Meaty.org was Andy’s first (of the three) .org site. It was going to be a place to get like-minded people to meetup.

Andy had been meeting with a group of geeks in the LA area. He liked the whole thing of meeting people from virtual communities. He wanted to make software to enable that experience. He started working on Meaty.org on the side. He had a nightmare dealing with recurring dates. Then, Meetup.org launched (June 2002). When Meetup.org launched, he was beaten to market. He abandoned Meaty.org.

Lesson #1 of startups from Andy: “Finish it. Don’t take time off from it.”

Andy Baio speaking at PDX Web Innovators in June 2008

Upcoming.org

Started January 2003. Following his first lesson, he did not stop until it was ready nine months later.

The Ebay/pez-like inspiration: He always loved live music but he was terrible remembering.

Friend [day after interesting band played]: “That was awesome”

Andy: “Why didn’t you tell me about it?”

Friendster was hot at the time. The social network du jour.

Andy’s novel idea: Treat the event like a blog post. Let people connect on it and build their friend network. Result: Events would be automatically known by friends, sharing of events.

The first version of Upcoming.org was pretty rough.

Side note: Andy is big on high-resolution, pixel-perfect mockups done in Photoshop. He cannot imagine a site from a rough wireframe.

[The wireframes he showed looked very good. Like what you would expect from a major design house. I believe Andy’s design sensibilities are way way above the average developer and probably was a big factor for upcoming.org’s success.]

Andy did the design of Upcoming.org’s logo himself. He commented that it looks great on old school baseball jersey tops (which they gave away/wore).

Upcoming in 2003: http://web.archive.org/web/20030919021857/http://upcoming.org/

2003. Rough site launched. Barely functional. He held a beta month before.

Point: It was good enough. Put it out. The feedback that came back so validated the September 2003 launch.

[Side note: question from audience about the “watching feature”. Andy said people were confused from the beginning (His intent: this event looks cool, will let friends know, not actually attending]

Then the project stopped completely in June 2004. He killed the project development.
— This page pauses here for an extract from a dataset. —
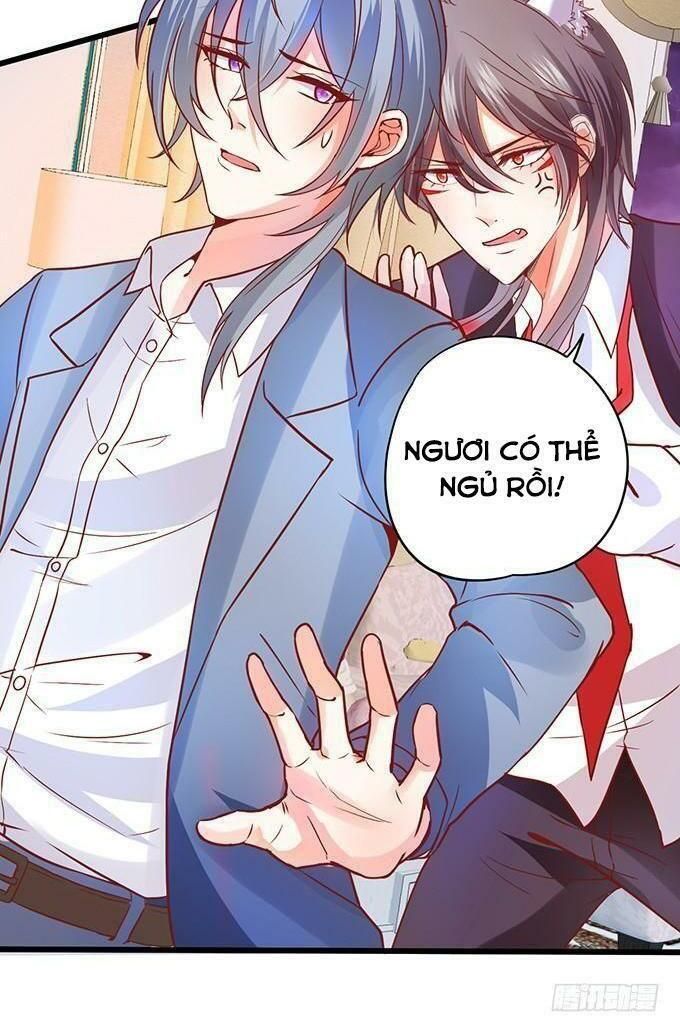 hồ tiên hung bạo chapter 51 24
His son was born.

He said pick two out of three:

  1. Day job
  2. Side project
  3. Baby.

As a result, all work stopped for eight months, but Upcoming.org kept on growing slowly.

There were more people using it, but the use was not really exploding.

The Infoworld Article fires momentum

Link: http://weblog.infoworld.com/udell/2005/03/21.html

John Udell wrote an article about upcoming.org. He loved it but said it was lacking, suggested an open API.

After Udell article, Andy publicly committed in his Upcoming blog post. He promised all stuff out within a week. Andy’s blog post announcing his commitment: http://upcoming.yahoo.com/news/archives/2005/03/21/jon_udel/

Andy decided to bring on two friends, Gordon Luk and Leonard Lin, as partners to help get the stuff done. The partners split the commitment-based work. One crazy week later, he and his two new partners launched with an API, tagging, email, SMS.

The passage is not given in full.